__PROBLEM STATEMENT__. Give the lines again exactly as they appear below, from the line with "But that'll do" to the line with "Word Prediction will", both included, and only those lines. Leave every picture out.

(EXCERPTED DATA Opens)

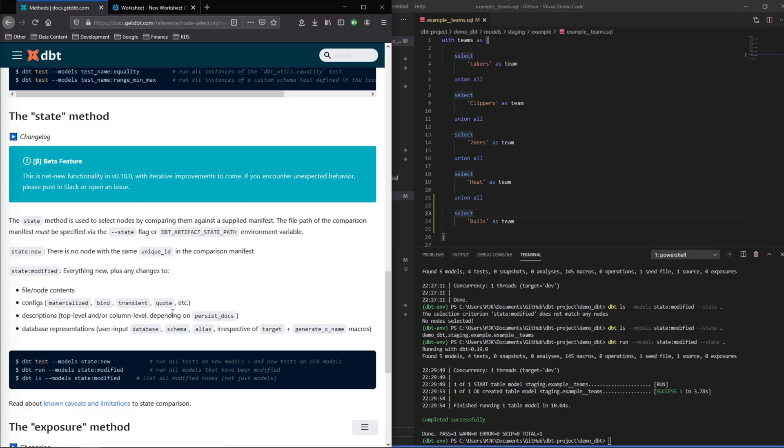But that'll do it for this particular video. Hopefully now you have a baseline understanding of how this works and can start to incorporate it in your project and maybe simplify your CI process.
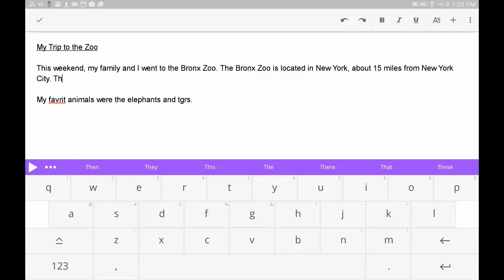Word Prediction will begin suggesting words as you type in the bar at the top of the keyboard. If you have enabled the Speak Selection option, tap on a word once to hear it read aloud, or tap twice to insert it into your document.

(EXCERPTED DATA Closes)
(EXCERPTED DATA Opens)

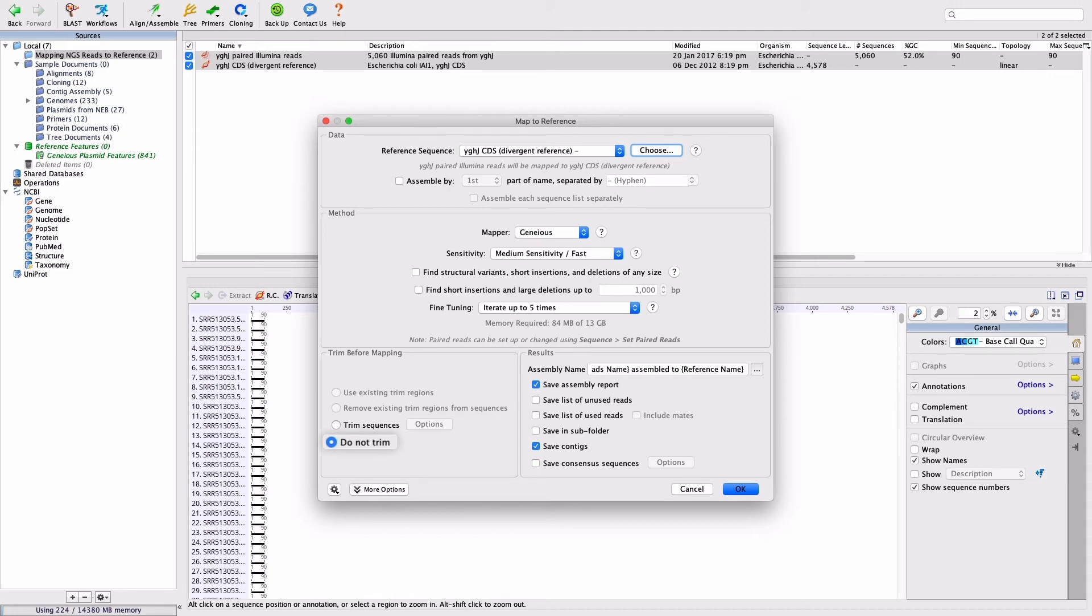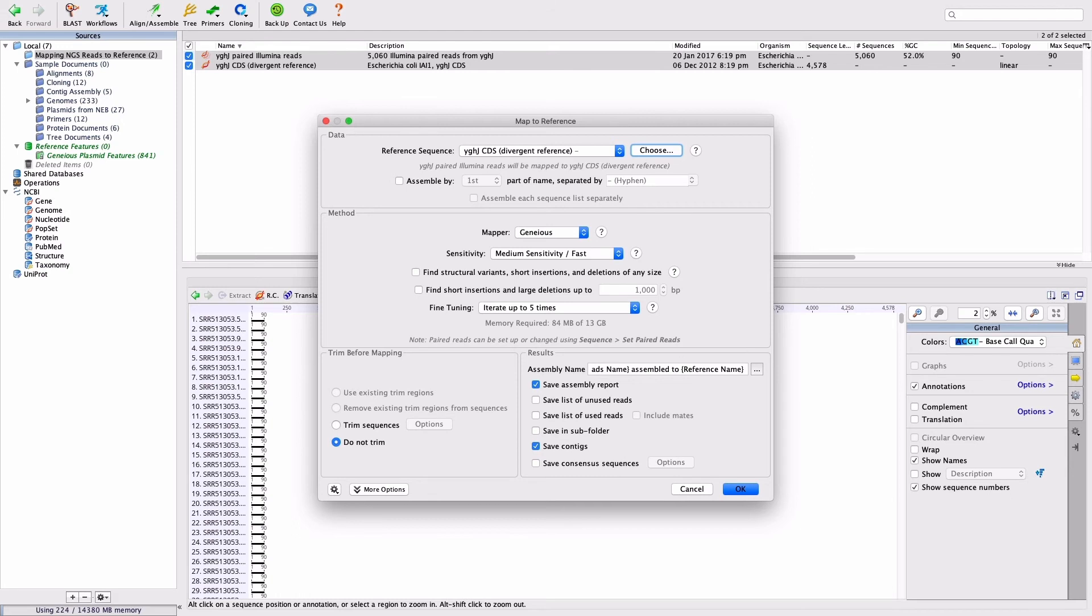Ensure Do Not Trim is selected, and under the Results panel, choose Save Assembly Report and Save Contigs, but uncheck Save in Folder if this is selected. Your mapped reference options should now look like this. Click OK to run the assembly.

(EXCERPTED DATA Closes)

__RESPONSE TO THE EXERCISE__.
But that'll do it for this particular video. Hopefully now you have a baseline understanding of how this works and can start to incorporate it in your project and maybe simplify your CI process.
Word Prediction will begin suggesting words as you type in the bar at the top of the keyboard. If you have enabled the Speak Selection option, tap on a word once to hear it read aloud, or tap twice to insert it into your document.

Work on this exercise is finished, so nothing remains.